I’ve recently been reading a book titled The Rise of Christianity (Princeton University Press/HarperOne, 1996) by Rodney Stark. The book is a series of sociological studies
on early Christianity. The book’s
subtitle is: How the Obscure Marginal Jesus Movement Became the Dominant Religious
Force in the Western World in a Few Centuries.
In one chapter Stark contrasts how Christians and pagans responded
during times of plague and how this difference affected the growth of the
Christian movement. Stark examines in
particular a major epidemic that struck the Roman Empire in the year 260
AD. At the plague’s height over 5,000 persons
per day died in the city of Rome alone.
Once the plague passed, a Christian pastor in Alexandria,
Egypt named Dionysius wrote a letter describing how the believers had cared for
the sick and dying and how many had sacrificed their own lives in such
service. He wrote:
Most of our brother Christians showed
unbounded love and loyalty, never sparing themselves and thinking only of one
another.

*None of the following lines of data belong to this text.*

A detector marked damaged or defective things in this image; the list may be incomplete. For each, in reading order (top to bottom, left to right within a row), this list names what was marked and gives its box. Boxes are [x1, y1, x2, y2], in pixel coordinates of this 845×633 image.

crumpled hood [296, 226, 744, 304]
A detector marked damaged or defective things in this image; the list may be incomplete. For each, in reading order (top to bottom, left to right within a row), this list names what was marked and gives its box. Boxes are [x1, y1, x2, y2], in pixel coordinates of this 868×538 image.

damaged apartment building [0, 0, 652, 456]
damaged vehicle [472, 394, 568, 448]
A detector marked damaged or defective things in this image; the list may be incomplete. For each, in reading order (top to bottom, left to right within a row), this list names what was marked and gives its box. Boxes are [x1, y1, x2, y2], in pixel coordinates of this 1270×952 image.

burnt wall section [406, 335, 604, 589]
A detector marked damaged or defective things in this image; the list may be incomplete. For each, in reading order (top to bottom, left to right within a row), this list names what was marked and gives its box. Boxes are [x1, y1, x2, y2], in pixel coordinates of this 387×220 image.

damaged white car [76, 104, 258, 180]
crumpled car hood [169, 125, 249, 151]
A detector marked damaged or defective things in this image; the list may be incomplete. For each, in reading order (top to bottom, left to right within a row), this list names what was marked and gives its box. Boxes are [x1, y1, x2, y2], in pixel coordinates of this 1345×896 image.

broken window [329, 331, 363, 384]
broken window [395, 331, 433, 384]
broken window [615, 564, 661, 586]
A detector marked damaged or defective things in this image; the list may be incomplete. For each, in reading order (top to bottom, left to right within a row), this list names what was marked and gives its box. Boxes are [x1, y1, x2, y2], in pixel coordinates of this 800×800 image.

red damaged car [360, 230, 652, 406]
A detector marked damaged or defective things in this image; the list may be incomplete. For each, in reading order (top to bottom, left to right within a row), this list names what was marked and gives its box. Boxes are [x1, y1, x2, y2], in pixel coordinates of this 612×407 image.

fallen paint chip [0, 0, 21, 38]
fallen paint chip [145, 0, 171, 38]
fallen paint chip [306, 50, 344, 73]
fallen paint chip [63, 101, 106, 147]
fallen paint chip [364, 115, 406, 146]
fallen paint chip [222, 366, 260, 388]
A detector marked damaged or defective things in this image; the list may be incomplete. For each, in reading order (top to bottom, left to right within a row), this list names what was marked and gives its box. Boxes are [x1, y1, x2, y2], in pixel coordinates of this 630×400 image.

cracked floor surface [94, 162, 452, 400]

Heedless of danger, they took
charge of the sick, attending to their every need and ministering to them in
Christ, and with them departed this life serenely happy; for they were infected
by others with the disease, drawing on themselves the sickness of their
neighbors and cheerfully accepting their pains.
Many, in nursing and curing others, transferred their death to
themselves and died in their stead…. The
best of our brothers lost their lives in this manner, a number of presbyters
[elders], deacons, and laymen winning high commendation so that death in this
form, the result of great piety and strong faith, seems in every way the equal
of martyrdom.
In contrast, Dionysius also described how the pagans
responded to the same crisis:
The heathen behaved in the very
opposite way. At the first onset of the disease,
they pushed the sufferers away and fled from their dearest, throwing them into
the roads before they were dead and treated unburied corpses as dirt, hoping
thereby to avert the spread and contagion of the fatal disease; but do what
they might, they found it difficult to escape.
Stark concludes that it was the compassionate response of
Christians to the members of their own communities, as well as to strangers,
that significantly contributed to the spread of the Christian movement during
that time.
Reading the chapter I was reminded of the words of the old
hymn, “They will know we are Christians by our love.” As with the church of old, may the Lord gives
to his church today a heart of compassion, self-sacrifice, and service that will
become an effective witness to our community.